Again, the Settings app is slightly different, with two new categories. As promised, Microsoft has added the “Gaming” section for tweaking the settings for the Game Bar, Game DVR, Broadcasting, and Game Mode. This latter option is switched off by default, and according to Microsoft, this feature “ensures you play your games with the best possible experience.” This is not a Windows 10 Cloud exclusive feature, but rather an upcoming addition for all versions of Windows.

As for the new Apps subcategory in the Settings app, here is what users will find:

Apps & features Default apps Offline maps Apps for websites
Choose the app source Set app defaults Download maps Associate specific apps with websites
Uninstall or move an app Contact support Offline map storage location Contact support
Contact support Provide feedback Switch metered connection on or off Provide feedback
Access the Programs and Features panel Automatic map updates
Provide feedback Contact support
Provide feedback

Additionally, the “System” subcategory includes a Shared Experiences section. The description states that users can “open apps on other devices, send messages between them, and invite others to use apps with me.” Users can also access the Control Panel by going through Cortana, or through the Programs and Features link inside the Settings app.
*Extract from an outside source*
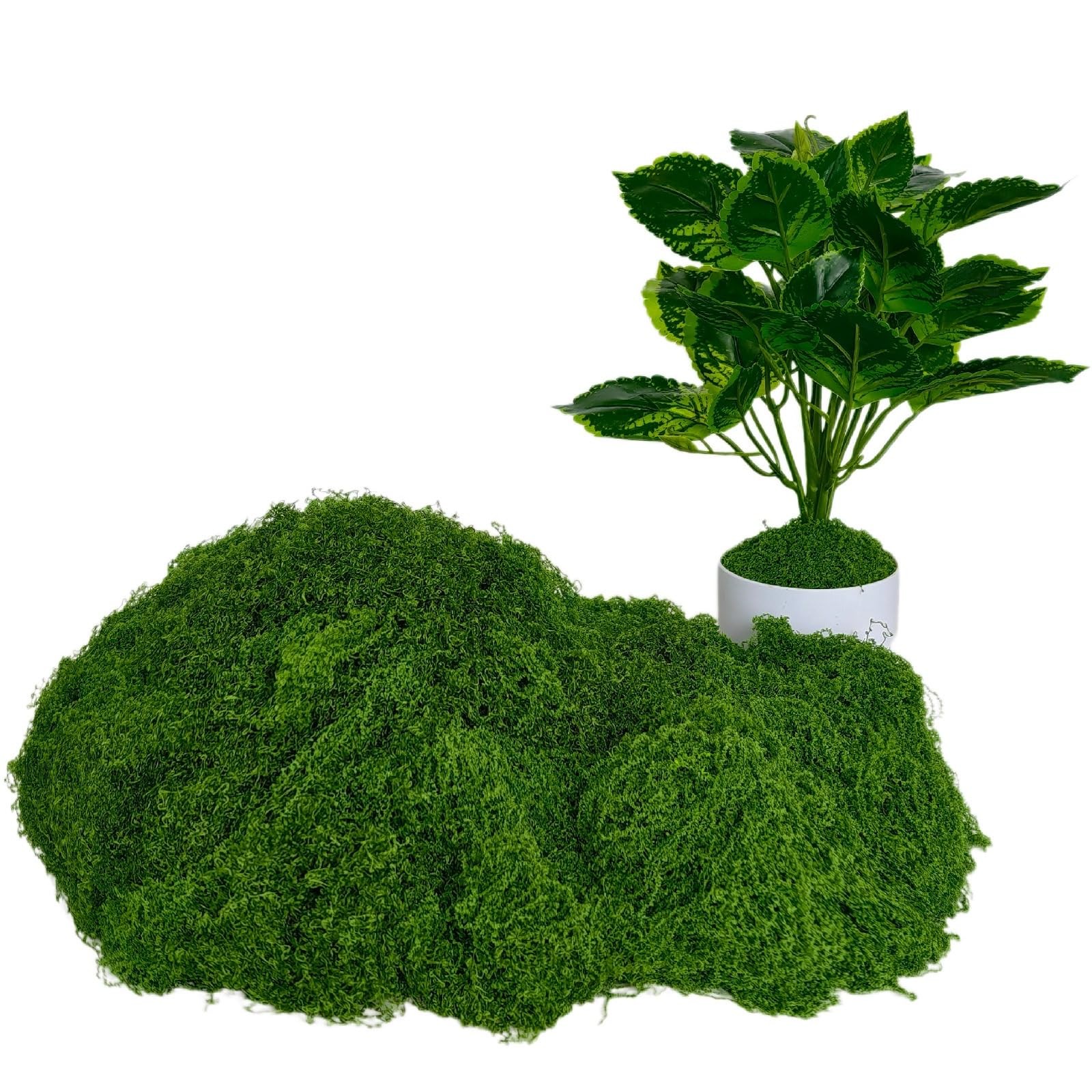SoffMoiis 5.3oz Dark Green Artificial Moss – Faux Moss for Potted Plants, Fak…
One other small feature we noticed was that File Explorer was removed from the Start Menu side bar. This may simply be a Creators Update thing, and eliminates an unnecessary shortcut given that Windows 10 already supplies one on the Task Bar.

Minor changes make sense

The bottom line here is that, based on this specific build, Windows 10 Cloud doesn’t look much different than Windows 10 Pro. That doesn’t mean it won’t change, of course. This is a leaked build, so there’s all manner of possible complications. Perhaps this is what Windows 10 Cloud will look like — or perhaps Microsoft will remove features later in development.

Having said that, we speculate the final version of Windows 10 Cloud won’t look all that different. Why? Developing an OS takes a lot of work, and Microsoft doesn’t make a lot of money from Windows 10 on consumer devices. We don’t think it’d make sense for the company to develop a substantially different version for low-cost systems. A slight re-arranging of what’s already in Windows 10 makes more sense, and that’s exactly what we see in this leaked copy of Windows 10 Cloud.

Ultimately, Windows 10 Cloud may be similar to Microsoft’s former Windows 8 with Bing program, which was a full version of Windows 8 that has Bing set as the default search engine. It was free for OEMs to install on their devices, and users could simply change the default setting if they wanted to use Google or Yahoo.

Still, the Win32 error popup is curious, and something we will have to watch over the coming months. Windows 10 Cloud is expected to arrive later this year, and will probably make an appearance during the company’s BUILD conference in May.